2. Materials and Methods

2.1. Imagery

All satellite imagery was collected by the highest resolution commercially available sensor—DigitalGlobe’s WorldView-3 satellite. This samples at a spatial resolution of 31 cm per pixel in the panchromatic band, and 124 cm per pixel in the multispectral bands (in this study we use four multispectral bands; red, green, blue and near-infrared). As Wandering Albatrosses are largely white, with a body length of 107–135 cm [29], individuals appear as several pixels of white against their green nesting habitat (see Figure 1 and Supplementary Table S2 for examples). This is not greatly altered if a bird has extended wings due to darker feathers on the upper wing [14]. We collated images of four separate colonies of Wandering Albatrosses, originally collected as part of previous studies (namely, the works in [14,22]). The colonies are located on Bird Island (BI) and Annenkov Island (AN) in South Georgia, Apotres (AP) in the Crozet islands and Grande Coulee (GC) on the west coast of Kerguelen Island. Images were collected over different months and times of day, and present variation in terms of cloud cover, lighting and vegetation. They also differ in size, with the smallest (BI) covering 16 km² and the largest (AN) covering 105 km² (Supplementary Table S1).

2.2. Manual Counts

All four images had been annotated previously by the same experienced observer (we term these our “reference observer” annotations). To extend this and assess interobserver variation, we conducted additional labelling experiments with five novice volunteers (observer 1–5). For visual analysis the panchromatic and multispectral bands were pan-sharpened using the Gram–Schmidt algorithm (implemented in ArcMap software), resulting in a high resolution RGB image. These were viewed in ArcMap 10.5, with Figure 1 showing examples of the visual appearance of albatrosses in all four images.

We follow the annotation procedure outlined in the original study [14], whereby images were labelled by eye using separate polygons approximately matching the size of the monitor (in our case $160\times 260$ m for viewing at a 1:600 scale). To restrict changes in viewing conditions, we used the same monitor and controlled ambient lighting. Volunteers were given the same information prior to annotating, and identical image patches were used to present examples of albatrosses and potentially confounding features such as rocks. For our analysis we investigate how closely total observer counts match, the extent of overlap between annotations, and whether there is a best measure for combining them. This includes taking the union of all points (i.e., include any point labelled by an observer), the intersection (i.e., only include points labelled by all six observers) and each level in between (i.e., only include points labelled by at least two observers, at least three, etc.).

2.3. Detection Network

2.3.1. CNN overview

CNNs are generally structured as a series of layers, with the initial layers performing feature learning and final layers performing classification. The feature learning stage typically consists of alternate convolution and pooling operations, which sequentially transform the input image into higher level abstracted representations. For example, an initial layer may identify edges, the second may extract motifs from these edges, and a third may assemble these motifs into objects. The final classification stage is carried out by one or more fully connected layers and a classifer such as softmax. In CNNs, all weights and biases determining feature learning and classification are initialised randomly, and learned during training. The most common approach to training CNNs is through supervised training schemes, using backpropagation with gradient descent. In this method weights and biases are updated in order to minimise a loss function, which quantifies the difference between the output predicted by the network and the ground truth.

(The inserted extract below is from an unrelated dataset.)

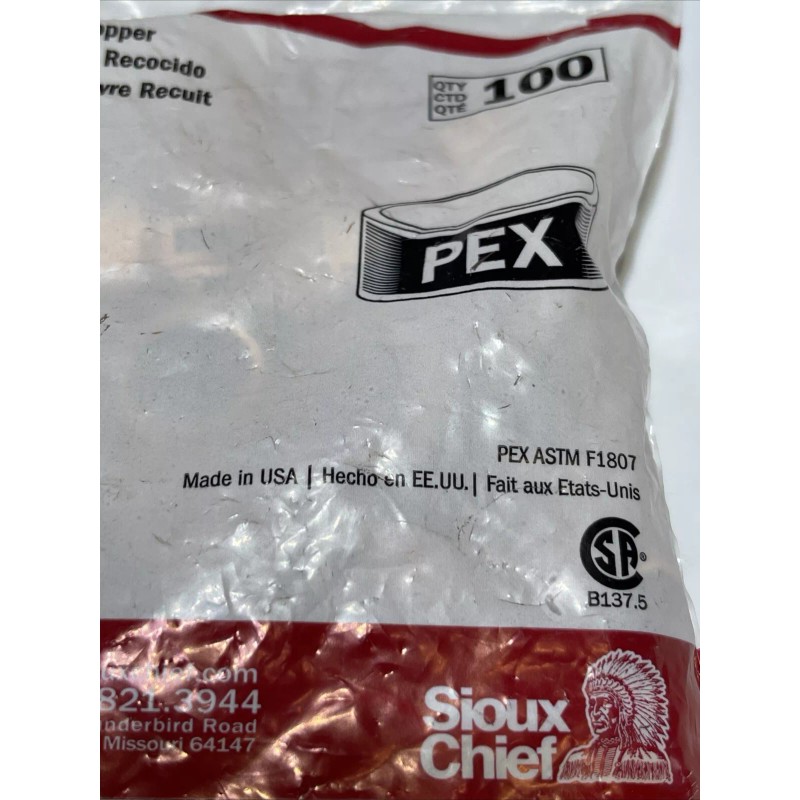 Sioux Chief Bag of 100 Sioux Chief PEX Crimp Ring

2.3.2. Network Architecture

For our CNN we use a U-Net architecture, which was originally designed for biomedical image segmentation [30], but has recently shown state-of-the-art performance in a range of tasks. U-Net works by classifying every pixel in the image into a class (in our case albatross and non-albatross). The output probability map (Figure 2) can be directly overlaid with the input image, allowing us to classify and localize albatrosses in a single stage. We present the exact architecture in Figure 2, which closely follows that described in an earlier study [28]. The contracting path (left) follows the typical architecture of a CNN, applying repeated $3\times 3$ convolutions, ReLU activation, and $2\times 2$ max pooling to extract features from input images. The expanding path (right) upsamples feature maps and concatenates them with higher resolution information cropped and copied from the corresponding layer in the contracting path. This allows for precise localization of classified pixels.

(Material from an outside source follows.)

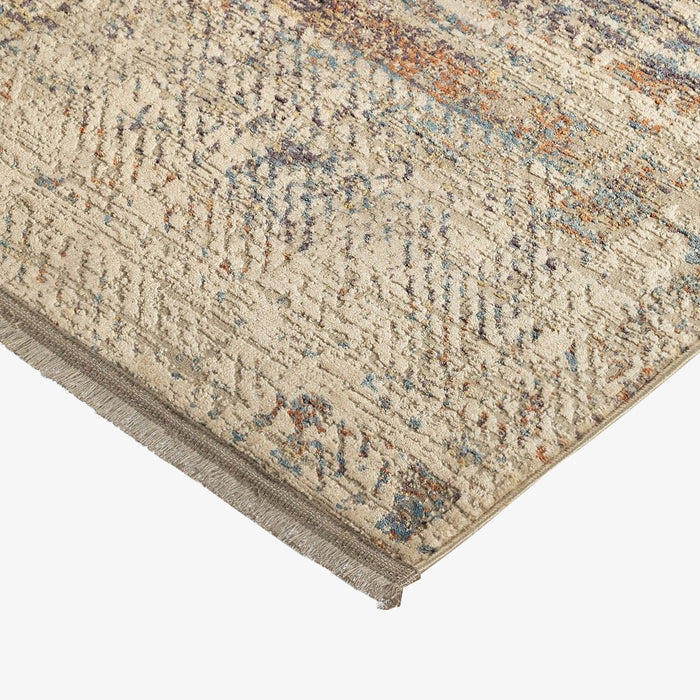 ISHANI | שטיח מעוצב בגווני בז', כחול וסגול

Given our small dataset we use transfer learning, a method where convolution filters learned from a larger dataset are copied across to the new network. In principle these represent a generic set of filters, which can be used to extract low-level features common to all images (e.g., edges, patterns and gradients). We initialise our network using filters from a vgg-16 network [31], pre-trained on the ImageNet database [17]. To minimise information loss at the edge of images, we choose not to use padding in convolution operations (aside from those transferred from vgg-16), thus the output predictions are of reduced size ($340\times 340$ compared to $412\times 412$ inputs). Experiments also showed no performance gain when using learnt upsampling (through upconvolution), so we favour bilinear upsampling for simplicity.

2.3.3. Dataset Processing

To train and test U-Net, we tiled all four satellite images into $500\times 500$ pixel square patches. The four multispectral bands (red, green, blue and near-infrared) were upsampled using bilinear interpolation to match the dimensions of the panchromatic image. ArcMap shapefiles generated by our six observers were converted into binary segmentation maps (with background = 0, albatross = 1), which were also tiled into $500\times 500$ patches exactly overlaying the input images. As the exact placement of observer labels can differ slightly, we use template matching [32] to shift observer annotations to the centre of each albatross. We segmented albatrosses using a $3\times 3$ pixel square, which was based on visual inspection of the imagery and matched the size of the majority of observer identified features.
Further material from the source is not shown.